• **THE PROBLEM**
Find every line below that contains the word "sale" and copy it out.

Stored records:
--------------------------------------------------

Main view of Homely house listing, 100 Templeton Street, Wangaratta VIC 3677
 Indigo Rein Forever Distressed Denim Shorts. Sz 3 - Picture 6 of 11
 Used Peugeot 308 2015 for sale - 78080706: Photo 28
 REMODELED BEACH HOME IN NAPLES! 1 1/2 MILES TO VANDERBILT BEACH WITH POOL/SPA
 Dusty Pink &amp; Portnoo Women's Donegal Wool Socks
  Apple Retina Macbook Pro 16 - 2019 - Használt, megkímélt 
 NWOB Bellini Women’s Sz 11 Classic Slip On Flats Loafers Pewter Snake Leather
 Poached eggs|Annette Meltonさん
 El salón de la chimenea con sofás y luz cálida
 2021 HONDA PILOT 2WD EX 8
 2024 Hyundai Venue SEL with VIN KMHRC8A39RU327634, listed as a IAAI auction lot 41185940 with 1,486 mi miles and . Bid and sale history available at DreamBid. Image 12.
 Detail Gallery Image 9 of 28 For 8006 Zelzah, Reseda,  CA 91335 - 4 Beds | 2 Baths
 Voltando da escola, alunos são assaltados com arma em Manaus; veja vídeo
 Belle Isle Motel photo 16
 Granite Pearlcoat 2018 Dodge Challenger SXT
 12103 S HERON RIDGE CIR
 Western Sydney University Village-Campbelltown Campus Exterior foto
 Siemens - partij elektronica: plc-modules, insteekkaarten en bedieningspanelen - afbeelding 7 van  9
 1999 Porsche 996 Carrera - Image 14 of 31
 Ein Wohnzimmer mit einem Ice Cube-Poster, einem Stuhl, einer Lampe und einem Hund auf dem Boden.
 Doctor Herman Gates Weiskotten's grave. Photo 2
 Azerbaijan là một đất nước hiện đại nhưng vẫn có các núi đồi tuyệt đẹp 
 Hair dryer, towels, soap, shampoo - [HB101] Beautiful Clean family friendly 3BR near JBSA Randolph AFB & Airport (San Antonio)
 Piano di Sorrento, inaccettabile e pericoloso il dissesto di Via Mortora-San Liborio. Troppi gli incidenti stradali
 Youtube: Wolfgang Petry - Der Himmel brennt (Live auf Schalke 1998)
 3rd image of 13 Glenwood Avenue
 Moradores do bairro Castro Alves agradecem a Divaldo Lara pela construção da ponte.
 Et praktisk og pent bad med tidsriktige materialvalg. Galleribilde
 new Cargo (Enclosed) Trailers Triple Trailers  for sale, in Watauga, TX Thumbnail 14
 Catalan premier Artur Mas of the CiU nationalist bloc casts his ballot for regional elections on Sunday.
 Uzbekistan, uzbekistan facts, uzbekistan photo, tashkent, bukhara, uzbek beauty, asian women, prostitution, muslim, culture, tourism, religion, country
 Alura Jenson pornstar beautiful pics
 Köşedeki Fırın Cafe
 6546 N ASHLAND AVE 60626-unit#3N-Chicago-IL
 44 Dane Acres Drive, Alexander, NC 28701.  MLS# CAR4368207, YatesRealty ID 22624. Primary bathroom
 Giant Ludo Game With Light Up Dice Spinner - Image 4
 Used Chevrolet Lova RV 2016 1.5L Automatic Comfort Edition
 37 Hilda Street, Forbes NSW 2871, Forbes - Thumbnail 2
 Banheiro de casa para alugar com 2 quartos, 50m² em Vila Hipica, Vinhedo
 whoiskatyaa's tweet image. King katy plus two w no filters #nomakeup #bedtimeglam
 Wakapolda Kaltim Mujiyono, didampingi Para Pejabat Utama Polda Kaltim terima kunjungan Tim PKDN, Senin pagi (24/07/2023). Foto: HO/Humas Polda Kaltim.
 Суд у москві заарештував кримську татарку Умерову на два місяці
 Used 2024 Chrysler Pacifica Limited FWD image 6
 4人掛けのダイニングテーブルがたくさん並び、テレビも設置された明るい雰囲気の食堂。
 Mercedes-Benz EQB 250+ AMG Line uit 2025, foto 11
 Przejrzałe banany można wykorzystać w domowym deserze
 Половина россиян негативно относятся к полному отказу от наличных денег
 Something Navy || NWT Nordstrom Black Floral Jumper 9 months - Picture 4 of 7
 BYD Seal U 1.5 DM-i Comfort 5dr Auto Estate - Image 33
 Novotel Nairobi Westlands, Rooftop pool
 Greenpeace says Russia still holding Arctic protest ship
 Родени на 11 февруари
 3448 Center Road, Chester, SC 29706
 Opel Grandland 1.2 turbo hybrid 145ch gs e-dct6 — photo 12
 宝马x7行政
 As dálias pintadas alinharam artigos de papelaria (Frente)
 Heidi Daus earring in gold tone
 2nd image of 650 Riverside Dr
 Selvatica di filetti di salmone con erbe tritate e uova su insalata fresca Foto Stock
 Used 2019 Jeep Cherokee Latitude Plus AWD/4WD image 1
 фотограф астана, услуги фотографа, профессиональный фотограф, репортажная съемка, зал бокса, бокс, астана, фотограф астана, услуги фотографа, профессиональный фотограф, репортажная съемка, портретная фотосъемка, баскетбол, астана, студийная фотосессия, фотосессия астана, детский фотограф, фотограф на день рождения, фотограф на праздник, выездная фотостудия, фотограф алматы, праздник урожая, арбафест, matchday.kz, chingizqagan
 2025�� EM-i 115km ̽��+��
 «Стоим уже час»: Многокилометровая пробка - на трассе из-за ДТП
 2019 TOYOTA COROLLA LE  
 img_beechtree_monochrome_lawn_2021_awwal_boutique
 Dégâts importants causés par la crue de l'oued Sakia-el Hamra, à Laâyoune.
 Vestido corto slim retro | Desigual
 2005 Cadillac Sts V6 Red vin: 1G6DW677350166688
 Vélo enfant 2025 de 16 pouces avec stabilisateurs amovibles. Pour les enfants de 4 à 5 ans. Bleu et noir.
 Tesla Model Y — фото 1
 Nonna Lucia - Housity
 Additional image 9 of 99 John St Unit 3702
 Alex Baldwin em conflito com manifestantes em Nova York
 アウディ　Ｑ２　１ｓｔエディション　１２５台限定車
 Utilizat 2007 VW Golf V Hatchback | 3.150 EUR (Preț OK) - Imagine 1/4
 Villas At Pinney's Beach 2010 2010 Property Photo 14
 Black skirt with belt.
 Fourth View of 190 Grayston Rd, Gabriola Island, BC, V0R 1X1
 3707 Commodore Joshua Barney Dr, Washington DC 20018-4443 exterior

--------------------------------------------------

• **EXPECTED ANSWER**
 Used Peugeot 308 2015 for sale - 78080706: Photo 28
 2024 Hyundai Venue SEL with VIN KMHRC8A39RU327634, listed as a IAAI auction lot 41185940 with 1,486 mi miles and . Bid and sale history available at DreamBid. Image 12.
 new Cargo (Enclosed) Trailers Triple Trailers  for sale, in Watauga, TX Thumbnail 14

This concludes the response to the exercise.